■ **Work required**:
Among the entries below, only the lines from the one with "It costs $279.99" through the one with "Namaste students, this" are wanted, reproduced exactly. Pictures are not wanted.

Dataset excerpts: Begin

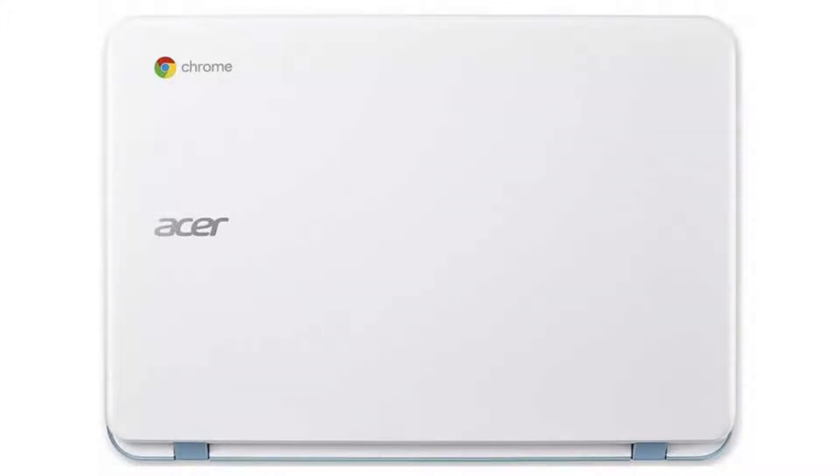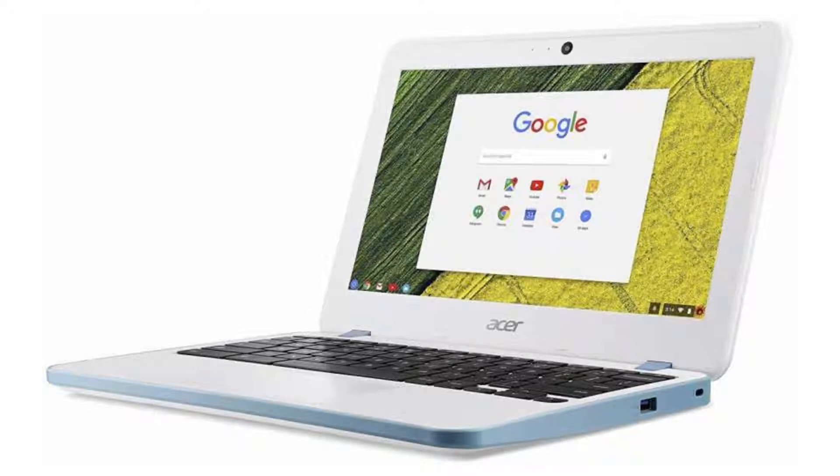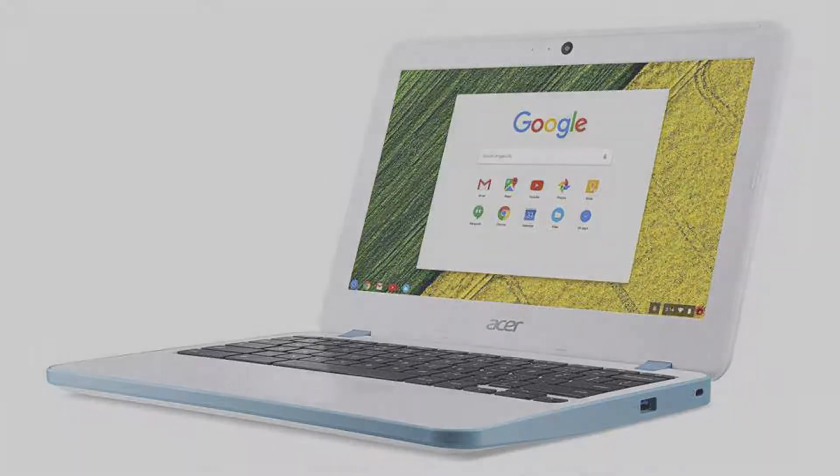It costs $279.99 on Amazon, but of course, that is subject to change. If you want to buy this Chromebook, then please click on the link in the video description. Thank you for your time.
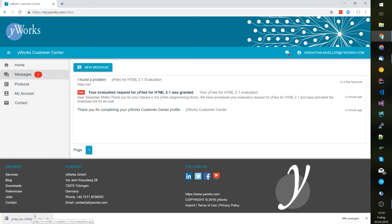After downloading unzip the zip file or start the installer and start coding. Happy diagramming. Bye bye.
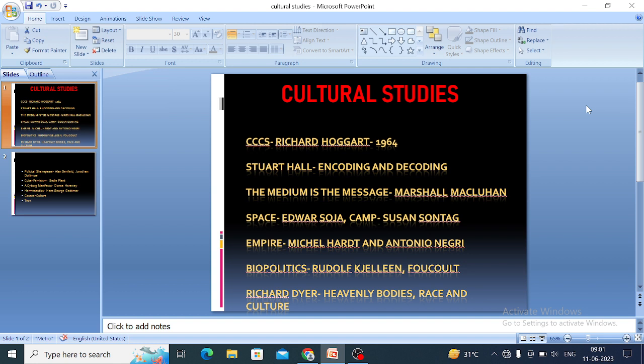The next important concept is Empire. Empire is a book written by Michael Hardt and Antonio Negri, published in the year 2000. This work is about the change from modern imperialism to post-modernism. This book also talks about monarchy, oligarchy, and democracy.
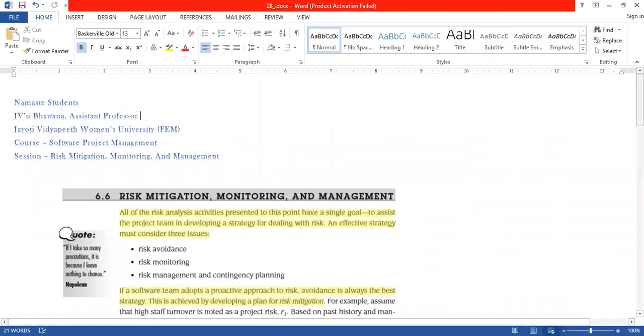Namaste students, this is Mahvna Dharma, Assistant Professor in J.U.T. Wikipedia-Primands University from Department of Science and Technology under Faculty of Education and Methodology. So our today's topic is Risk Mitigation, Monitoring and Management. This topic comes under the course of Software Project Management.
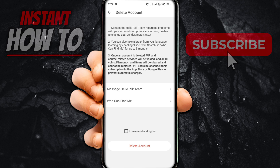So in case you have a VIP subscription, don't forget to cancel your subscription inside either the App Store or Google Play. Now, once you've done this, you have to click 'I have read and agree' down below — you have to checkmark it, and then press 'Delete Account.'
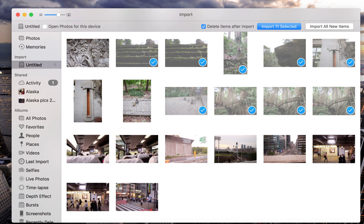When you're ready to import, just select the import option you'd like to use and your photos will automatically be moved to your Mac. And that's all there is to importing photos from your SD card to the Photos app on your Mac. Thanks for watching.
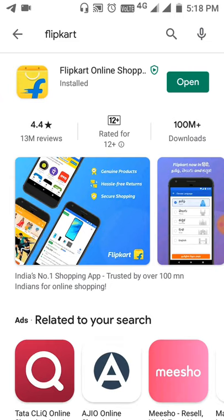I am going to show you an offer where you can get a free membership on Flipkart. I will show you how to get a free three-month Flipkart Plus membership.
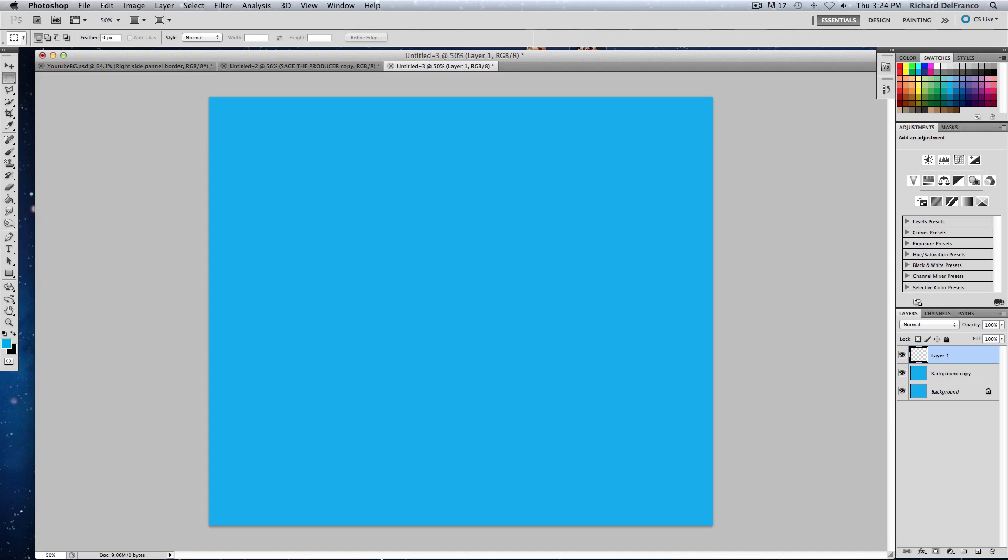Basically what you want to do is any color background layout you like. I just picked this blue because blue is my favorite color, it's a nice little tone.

Dataset excerpts: End
Dataset excerpts: Begin

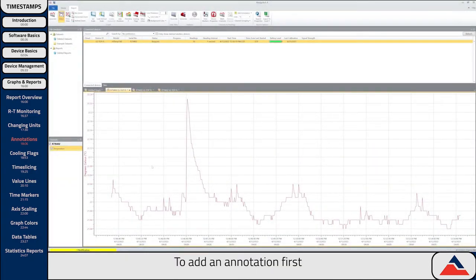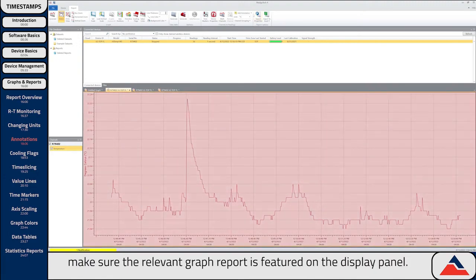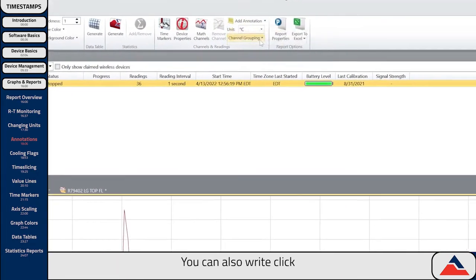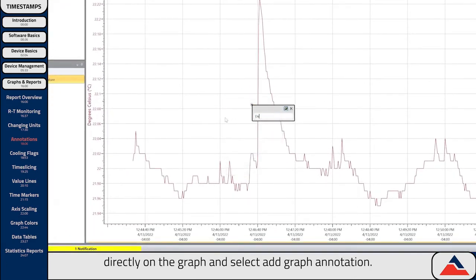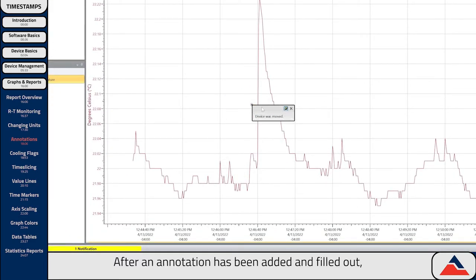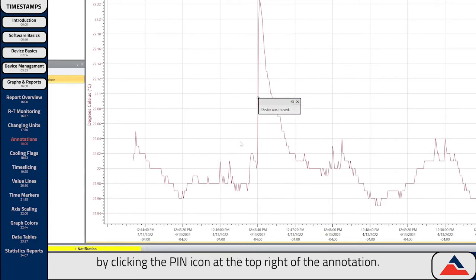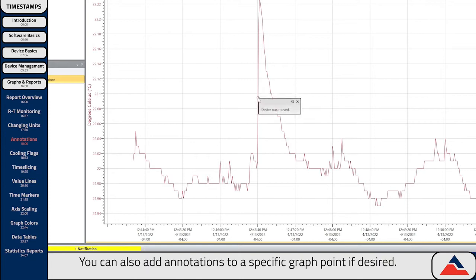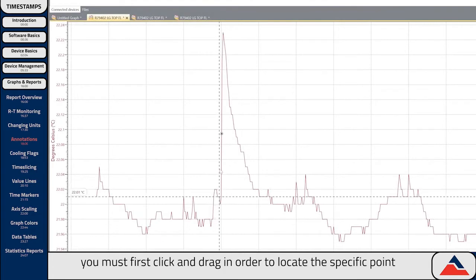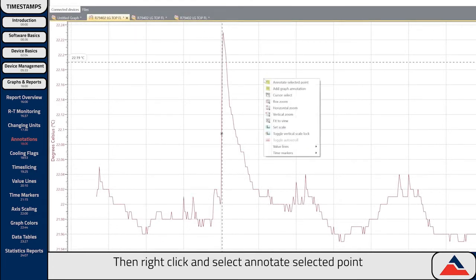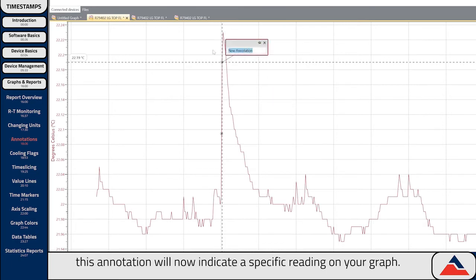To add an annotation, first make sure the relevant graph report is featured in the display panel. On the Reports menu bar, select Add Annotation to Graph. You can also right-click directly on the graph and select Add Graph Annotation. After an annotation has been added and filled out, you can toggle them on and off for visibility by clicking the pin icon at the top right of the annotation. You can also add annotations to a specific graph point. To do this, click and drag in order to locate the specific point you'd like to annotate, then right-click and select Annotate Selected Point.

Dataset excerpts: End

■ **Response**:
It costs $279.99 on Amazon, but of course, that is subject to change. If you want to buy this Chromebook, then please click on the link in the video description. Thank you for your time.
After downloading unzip the zip file or start the installer and start coding. Happy diagramming. Bye bye.
The next important concept is Empire. Empire is a book written by Michael Hardt and Antonio Negri, published in the year 2000. This work is about the change from modern imperialism to post-modernism. This book also talks about monarchy, oligarchy, and democracy.
Namaste students, this is Mahvna Dharma, Assistant Professor in J.U.T. Wikipedia-Primands University from Department of Science and Technology under Faculty of Education and Methodology. So our today's topic is Risk Mitigation, Monitoring and Management. This topic comes under the course of Software Project Management.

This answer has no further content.